• What is expected: Without any pictures, retype exactly the lines that begin at the one holding "Over Speed Ambulance" and end at the last line of the data below.

• Available data:
=== Begin Enclosure ===

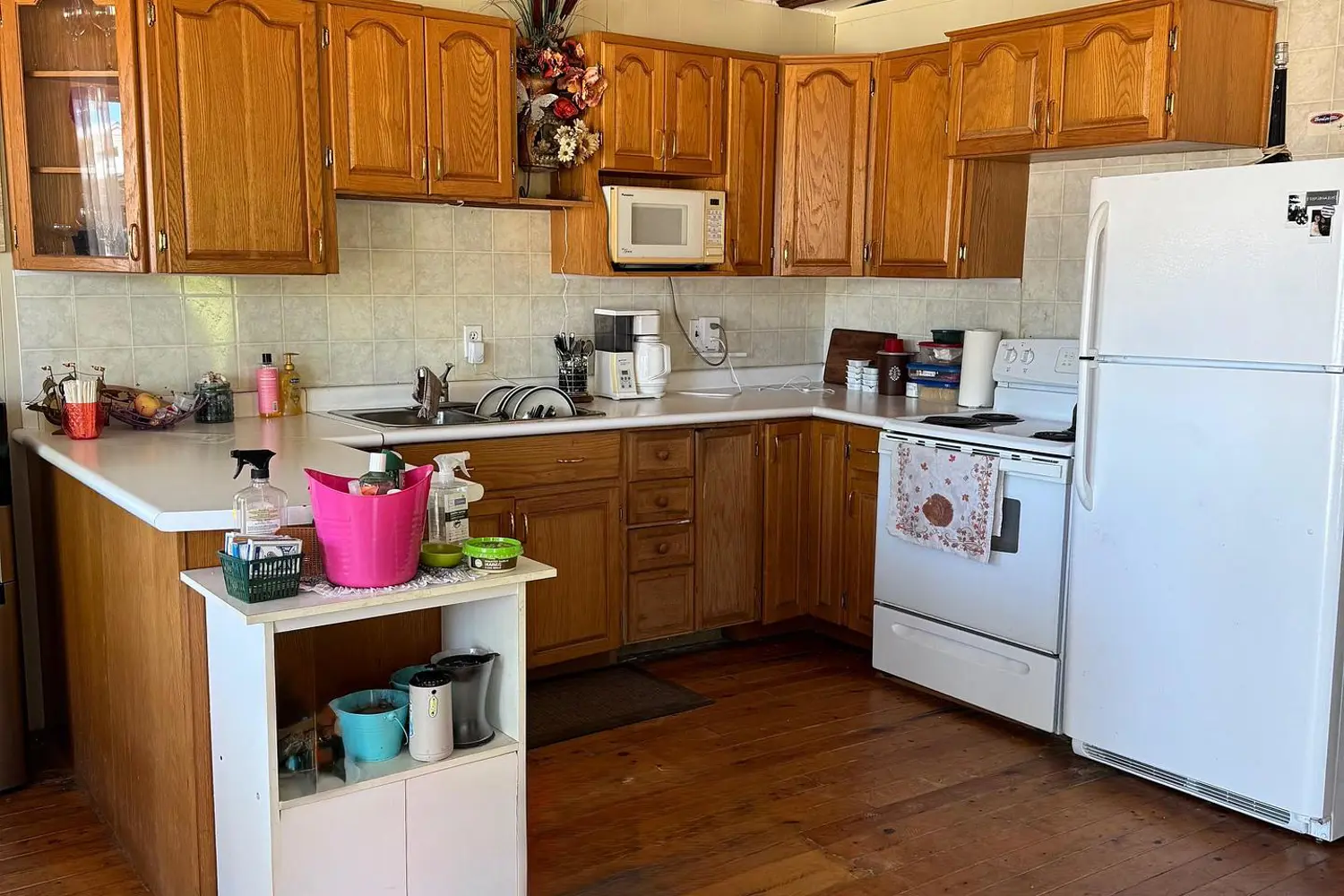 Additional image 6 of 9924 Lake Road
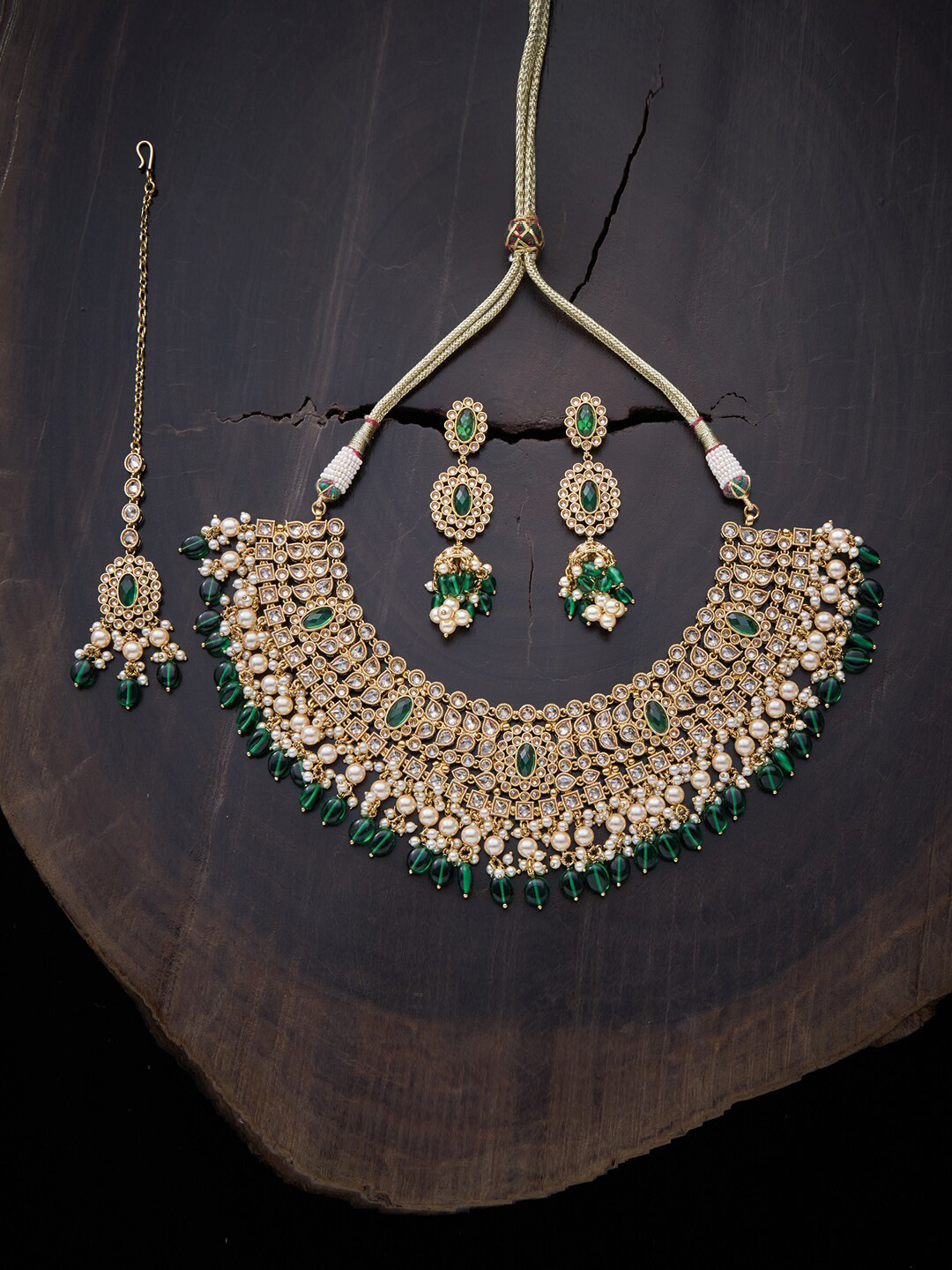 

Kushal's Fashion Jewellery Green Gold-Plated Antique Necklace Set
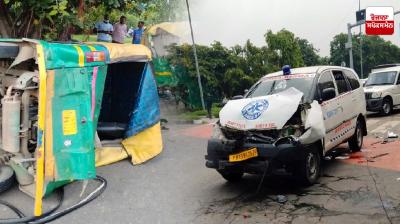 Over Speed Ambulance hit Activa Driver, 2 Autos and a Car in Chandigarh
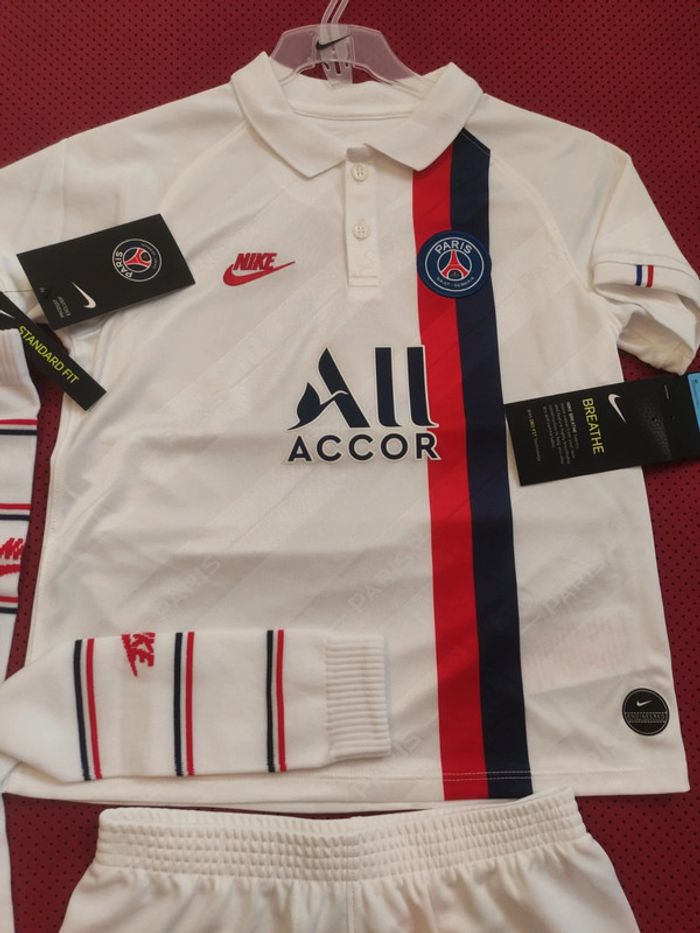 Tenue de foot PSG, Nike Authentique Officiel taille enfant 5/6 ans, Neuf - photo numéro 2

=== End Enclosure ===

• Exercise solution:
 Over Speed Ambulance hit Activa Driver, 2 Autos and a Car in Chandigarh
 Tenue de foot PSG, Nike Authentique Officiel taille enfant 5/6 ans, Neuf - photo numéro 2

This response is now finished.